Revenu sur le banc de l’OGC Nice en janvier, Claude Puel devait relancer un club en difficulté. Deux mois plus tard, la dynamique reste inquiétante. La lourde défaite contre Rennes (0-4) illustre les difficultés d’un projet qui peine encore à trouver son équilibre.
L’OGC Nice espérait un électrochoc avec le retour de Claude Puel. Ancien entraîneur emblématique du club, le technicien français devait redonner un cap à une équipe en perte de repères. Mais après plusieurs semaines, le constat reste préoccupant.
La défaite face à Rennes à l’Allianz Riviera (0-4) lors de la 25e journée de Ligue 1 a mis en lumière les limites actuelles du groupe niçois. Une soirée difficile que l’entraîneur a lui-même reconnue en conférence de presse. « Toute défaite fait mal. On a été trop facilement mis hors de portée sur le premier but et sur la situation suivante. On a fourni les armes à cette équipe de Rennes pour nous faire mal. »
Nice : Une dynamique inquiétante en Ligue 1
Depuis son retour en janvier, Claude Puel affiche un bilan global mitigé. En 14 matches toutes compétitions confondues, Nice totalise 5 victoires, 4 nuls et 5 défaites. Une série irrégulière qui ne permet pas aux Aiglons de véritablement sortir la tête de l’eau.
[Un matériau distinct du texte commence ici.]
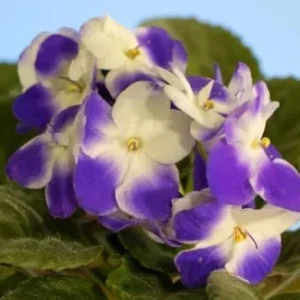 African Violet Live Plant 4 Inch Potted White Purple Indoor Flowering Plant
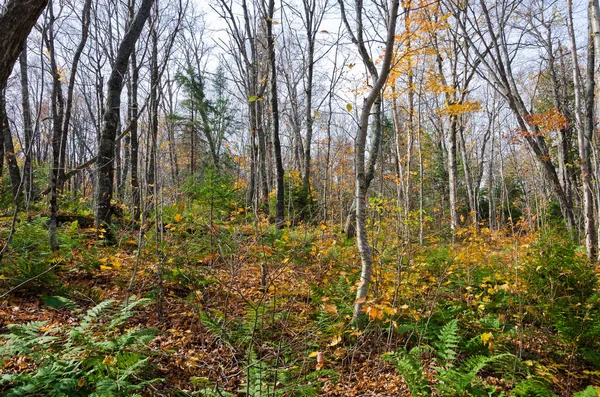 スペリオル湖の近くの公園で秋のカラフルな木 カナダのオンタリオ — ストック写真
Hormis la belle parenthèse en Coupe de France, c’est surtout le bilan en en Ligue 1 qui interpelle.
En Ligue 1, l’OGC Nice n’a remporté qu’un seul match depuis l’arrivée de Puel. Cette victoire est intervenue lors de son premier match sur la pelouse de Nantes, un succès crucial face à un concurrent direct pour le maintien. Depuis, la machine niçoise s’est grippée. Voire pire. Le club azuréen affiche désormais un bilan de 1 victoire, 3 nuls et 3 défaites, soit 7 points sur 21 possibles. Une moyenne d’un point par match, un rythme généralement associé aux équipes engagées dans la lutte pour le maintien.
Un match symbole face à Rennes
La déroute face à Rennes illustre parfaitement les difficultés actuelles de Nice. Claude Puel a tenté plusieurs ajustements tactiques, notamment en repositionnant Sofiane Diop en pointe pour dynamiser l’attaque. « C’était pour essayer de dynamiser notre équipe et de faire une bonne entame. »
Mais les Niçois ont rapidement été dépassés par une équipe rennaise en pleine confiance. « On a vu une équipe qui cherchait à se mobiliser mais qui a eu du mal face à une équipe en confiance qui a su nous gérer techniquement. »
Le match a également été marqué par plusieurs coups durs, avec les blessures de Kojo Oppong et Mohamed-Ali Cho. « C’est une succession de choses que l’on doit affronter en cours de match. »
Un groupe touché mais pas résigné
Malgré cette période difficile, Claude Puel refuse d’abdiquer. Le technicien niçois assure que le groupe reste mobilisé pour inverser la tendance. « Personne n’a envie de lâcher. Tout le monde est touché mais prêt à se battre. »
Le message adressé aux supporters est également clair : l’OGC Nice aura besoin de leur soutien dans ce sprint final. « On a besoin d’eux dans ces moments difficiles. Ça sera dur jusqu’au bout. »
Le prochain déplacement à Angers pourrait déjà peser lourd dans la lutte pour le maintien. Pour Claude Puel et les Aiglons, l’urgence est désormais simple : retrouver rapidement des résultats pour éviter que la saison ne bascule définitivement dans l’angoisse.